Os miseráveis

São frases críticas que não se podem deixar passar num momento destes. Não porque critiquem, no sentido negativo da palavra, ou revelem pensamento crítico, antes pelo contrário, mas porque revelam um estado crítico. O estado crítico a que se chega para justificar uma política criadora de mais crise. O estado crítico a que chega a incompreensão dos políticos da situação sobre a situação real das condições de vida de muitos/as dos/as outros/as. O estado crítico a que chega a arrogância de quem está na mó de cima.

Diz António Barreto que “há direitos incompatíveis com a crise.” E ficamos a saber que há direitos intermitentes (saúde, educação, habitação…) que são um luxo concedido no intervalo das crises e que são coisa a cortar antes de ir importunar os lucros de alguém poderoso. Ao que parece há quem pense que a dignidade humana tem um preço e esse é o preço do ajustamento das contas públicas aos níveis exigidos pelos especuladores.

Diz Almeida Santos que “o povo tem de sofrer as crises como o governo as sofre.” e ficamos a matutar no que será esse sofrimento. Podemos imaginar os membros de um governo que deixaram de receber o subsídio de desemprego a esticar os cêntimos até à última enquanto que lá fora o povão, a começar pelos sacanas dos funcionários públicos, se desfaz em banquetes. Ou talvez seja melhor imaginar então a enorme dor interior do Primeiro-Ministro ao cortar nos salários, nas pensões, nas prestações sociais, ao aumentar impostos ao promover desemprego. Como sofrem aqueles que amam o povo que ignora o seu sofrimento... Há então que fazer sofrer o povo para compreender bem o sofrimento do chefe. E há algo que fica a ressoar na cabeça: sim, é justo, eles deviam sofrer a crise como nós a sofremos....

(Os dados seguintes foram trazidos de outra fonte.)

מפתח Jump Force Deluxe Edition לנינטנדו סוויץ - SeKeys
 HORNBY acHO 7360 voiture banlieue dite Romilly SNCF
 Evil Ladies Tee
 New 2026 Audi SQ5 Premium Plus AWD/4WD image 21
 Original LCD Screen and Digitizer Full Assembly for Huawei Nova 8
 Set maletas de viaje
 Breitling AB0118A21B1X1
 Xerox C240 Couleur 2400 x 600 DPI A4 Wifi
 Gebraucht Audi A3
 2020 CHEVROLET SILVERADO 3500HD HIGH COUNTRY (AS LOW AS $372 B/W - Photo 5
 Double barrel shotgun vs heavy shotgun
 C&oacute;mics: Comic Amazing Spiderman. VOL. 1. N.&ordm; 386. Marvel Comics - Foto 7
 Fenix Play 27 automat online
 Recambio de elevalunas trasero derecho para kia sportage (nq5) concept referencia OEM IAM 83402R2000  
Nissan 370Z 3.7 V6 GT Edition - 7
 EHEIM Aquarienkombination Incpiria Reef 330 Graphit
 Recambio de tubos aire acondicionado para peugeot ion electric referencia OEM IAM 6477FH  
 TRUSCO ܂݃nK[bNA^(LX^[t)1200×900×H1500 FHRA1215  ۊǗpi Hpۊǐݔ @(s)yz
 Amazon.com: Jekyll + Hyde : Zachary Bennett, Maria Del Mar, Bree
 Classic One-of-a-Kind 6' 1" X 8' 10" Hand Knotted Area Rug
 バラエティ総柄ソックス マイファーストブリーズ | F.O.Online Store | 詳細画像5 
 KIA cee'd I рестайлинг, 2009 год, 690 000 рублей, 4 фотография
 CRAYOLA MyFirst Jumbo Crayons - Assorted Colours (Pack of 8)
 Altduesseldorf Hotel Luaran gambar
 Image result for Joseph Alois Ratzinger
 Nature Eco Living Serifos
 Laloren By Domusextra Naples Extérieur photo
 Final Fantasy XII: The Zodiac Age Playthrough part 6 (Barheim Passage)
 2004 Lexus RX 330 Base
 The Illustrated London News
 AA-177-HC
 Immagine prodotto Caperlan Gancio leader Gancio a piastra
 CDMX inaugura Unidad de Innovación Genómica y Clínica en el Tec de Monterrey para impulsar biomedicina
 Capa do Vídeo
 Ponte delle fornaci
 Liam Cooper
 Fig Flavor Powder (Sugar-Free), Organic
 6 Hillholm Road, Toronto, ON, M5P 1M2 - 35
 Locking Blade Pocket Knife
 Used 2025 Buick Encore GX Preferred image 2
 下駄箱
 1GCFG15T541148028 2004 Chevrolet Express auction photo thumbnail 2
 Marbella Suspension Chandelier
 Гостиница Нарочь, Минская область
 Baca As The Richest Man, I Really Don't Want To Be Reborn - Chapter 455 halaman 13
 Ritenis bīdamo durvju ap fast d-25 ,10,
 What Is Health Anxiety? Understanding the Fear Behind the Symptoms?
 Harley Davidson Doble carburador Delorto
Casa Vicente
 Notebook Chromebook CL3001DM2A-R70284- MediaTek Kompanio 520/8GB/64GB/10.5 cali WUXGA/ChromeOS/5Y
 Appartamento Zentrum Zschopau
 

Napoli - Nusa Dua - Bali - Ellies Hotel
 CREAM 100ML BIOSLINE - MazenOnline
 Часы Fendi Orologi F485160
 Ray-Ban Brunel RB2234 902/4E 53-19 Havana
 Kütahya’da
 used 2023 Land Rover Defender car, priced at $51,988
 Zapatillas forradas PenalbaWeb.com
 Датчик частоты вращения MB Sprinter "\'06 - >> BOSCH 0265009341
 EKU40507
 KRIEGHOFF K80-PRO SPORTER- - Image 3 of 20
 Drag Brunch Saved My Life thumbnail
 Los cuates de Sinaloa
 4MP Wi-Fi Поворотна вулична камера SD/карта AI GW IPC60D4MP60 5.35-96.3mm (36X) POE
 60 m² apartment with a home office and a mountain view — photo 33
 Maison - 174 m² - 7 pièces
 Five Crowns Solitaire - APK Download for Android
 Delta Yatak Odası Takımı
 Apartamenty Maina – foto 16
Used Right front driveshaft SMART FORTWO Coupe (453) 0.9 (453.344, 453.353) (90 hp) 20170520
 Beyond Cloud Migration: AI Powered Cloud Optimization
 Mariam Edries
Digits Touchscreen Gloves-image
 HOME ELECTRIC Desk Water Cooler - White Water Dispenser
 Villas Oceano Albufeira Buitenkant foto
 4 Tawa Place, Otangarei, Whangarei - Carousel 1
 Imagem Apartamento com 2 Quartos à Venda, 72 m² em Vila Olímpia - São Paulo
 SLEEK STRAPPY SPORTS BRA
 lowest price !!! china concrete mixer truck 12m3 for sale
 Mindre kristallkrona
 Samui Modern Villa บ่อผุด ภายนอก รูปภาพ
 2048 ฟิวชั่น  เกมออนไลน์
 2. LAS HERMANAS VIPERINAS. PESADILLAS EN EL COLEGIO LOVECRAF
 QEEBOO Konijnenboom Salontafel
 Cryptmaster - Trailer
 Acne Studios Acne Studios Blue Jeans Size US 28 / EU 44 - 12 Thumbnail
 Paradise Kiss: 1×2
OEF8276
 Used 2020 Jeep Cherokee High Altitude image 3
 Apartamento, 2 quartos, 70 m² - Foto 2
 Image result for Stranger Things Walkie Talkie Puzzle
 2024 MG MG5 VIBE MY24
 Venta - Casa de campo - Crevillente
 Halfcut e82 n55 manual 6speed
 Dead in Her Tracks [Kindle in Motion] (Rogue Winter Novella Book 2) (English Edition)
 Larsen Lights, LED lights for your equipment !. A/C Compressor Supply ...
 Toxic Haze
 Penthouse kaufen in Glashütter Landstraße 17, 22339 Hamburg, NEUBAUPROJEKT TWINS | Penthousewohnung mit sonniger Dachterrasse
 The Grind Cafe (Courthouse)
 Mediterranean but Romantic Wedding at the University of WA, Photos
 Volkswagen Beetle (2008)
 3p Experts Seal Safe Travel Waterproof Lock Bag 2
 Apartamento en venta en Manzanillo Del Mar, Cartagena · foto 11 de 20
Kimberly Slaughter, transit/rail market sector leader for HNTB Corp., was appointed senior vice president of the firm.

Diz o deputado do PS Ricardo Rodrigues: “sendo neste momento deputado sou dos que perde mais dinheiro” E ficamos com pena da vítima mais vitimizada dos planos de austeridade. E ficamos a gabar-lhe o altruísmo de quem sofre dignamente essa perda, votando no parlamento a sua própria miséria a bem da nação. Os/as outros/as? Queixam-se de barriga cheia porque não perderão certamente tanto dinheiro como ele. Só uns trocos. Já dizia alguém que se não tiverem pão o que isso interessa? Comam brioches!

Serão frases anedóticas certamente. Mas são frases que passam por cima da miséria de muitos/as. Por isso, são frases miseráveis.